Arthur Stace, better known as Mr Eternity, converted to Christianity in 1930. Inspired by evangelist John Ridley's words "Where will you spend Eternity?", he found himself writing the word in chalk across Sydney.
It was estimated that he wrote the word about 500,000 times over 35 years. Today, there is only one surviving "Eternity", inside the bell in the Sydney General Post Office clock tower.
As we enter the Christmas season, one wonders what Stace would have made of Sydney's increasing secularisation, with the 2016 census finding 43.8 per cent of city's residents declaring no religion.
Depending on one's point of view, this is either a grim reminder of the decline of society, or a triumph of intellectual progression.
At the end of the 19th century, it was the French neurologist Jean Charcot and his pupil Sigmund Freud who first described religion as conducive to hysteria and neurosis.
However, there are very real benefits to Christmas.

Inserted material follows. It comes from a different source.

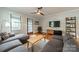 Inviting living room featuring hardwood floors, comfortable seating, and natural light from a large window at 2915 Wesley Ave, Charlotte, NC 28205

What has been well documented is that religious practices that have a social component have a powerful, and usually beneficial, impact on the individual.
As for the concept of Eternity itself, religious observances may still have a role in a secular world, but notions such as the afterlife are losing currency.
Christmas is a time of sharing, of tradition, of being close to each other.
Eternity is about considering the possibility of a fundamental cosmic truth.
Both are concepts that have often been thought to be inextricably linked to specific religious dogma.
Perhaps it is time to acknowledge them both as intact entities with their own existence, and relevance to a broader concept – who we are as human beings. Past, present, and future.
Dr Neil Jeyasingam is a psychogeriatrician at the University of Sydney.